The Corporation is authorized to issue a total of 110,000,000 shares, consisting of 10,000,000 shares of preferred stock having a par value of $0.001 per share (hereinafter referred to as "Preferred Stock") and 100,000,000 shares of common stock having a par value $0.001 per share (hereinafter referred to as "Common Stock"). Shares of any class of stock may be issued, without shareholder action, from time to time in one or more series as may from time to time be determined by the board of directors.  The board of directors of this Corporation is hereby expressly granted authority, without shareholder action, and within the limits set forth in the Nevada Revised Statutes, to:

(a) designate in whole or in part, the powers, preferences, limitations, and relative rights, of any class of shares before the issuance of any shares of that class;

(b) create one or more series within a class of shares, fix the number of shares of each such series, and designate, in whole or part, the powers, preferences, limitations, and relative rights of the series, all before the issuance of any shares of that series;

(c) alter or revoke the powers, preferences, limitations, and relative rights granted to or imposed upon any wholly unissued class of shares or any wholly unissued series of any class of shares; or

(d) increase or decrease the number of shares constituting any series, the number of shares of which was originally fixed by the board of directors, either before or after the issuance of shares of the series; provided that, the number may not be decreased below the number of shares of the series then outstanding, or increased above the total number of authorized shares of the applicable class of shares available for designation as a part of the series.
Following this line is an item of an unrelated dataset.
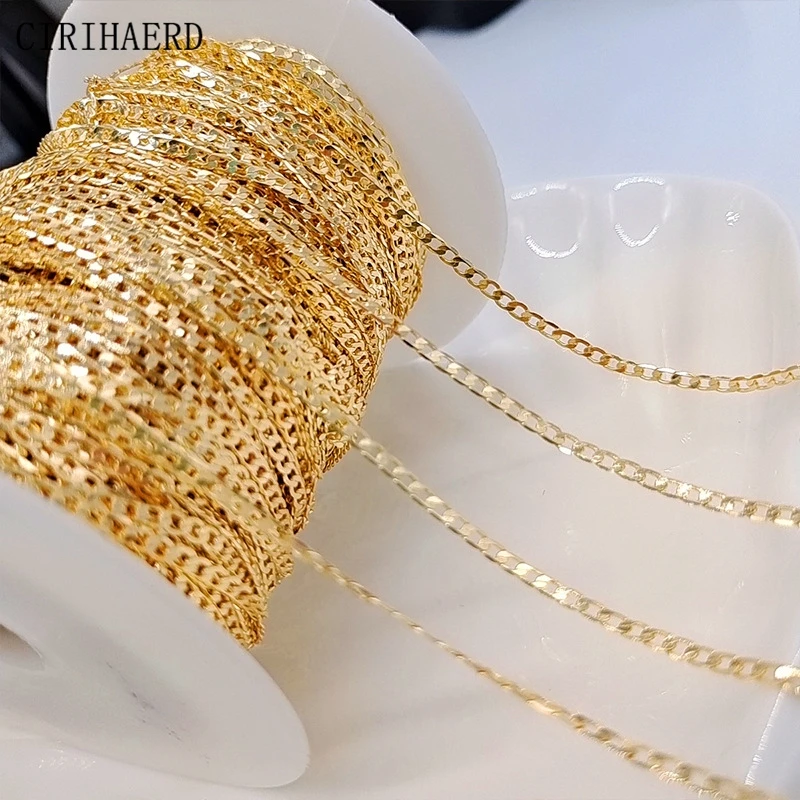 

6 Types 14k Real Gold Plated Brass Women's Neck Chain DIY Jewelry Making Accessories Loose Clavicle Oval Cable Chains Wholesale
The allocation between the classes, or among the series of each class, of unlimited voting rights and the right to receive the net assets of the Corporation upon dissolution, shall be as designated by the board of directors.  All rights accruing to the outstanding shares of the Corporation not expressly provided for to the contrary herein or in the Corporation's bylaws or in any amendment hereto or thereto shall be vested in the Common Stock.  Accordingly, unless and until otherwise designated by the board of directors of the Corporation, and subject to any superior rights as so designated, the Common Stock shall have unlimited voting rights and be entitled to receive the net assets of the Corporation upon dissolution.

THIRD:

By executing this Certificate of Amendment to the Articles of Incorporation, the CEO of the Corporation does hereby certify that on July _____, 2015, the foregoing amendment to the Articles of Incorporation of Grow Condos, Inc., was authorized and approved pursuant to Section 78.390 of the Nevada Revised Statutes by the consent of the majority of the Corporation’s shareholders.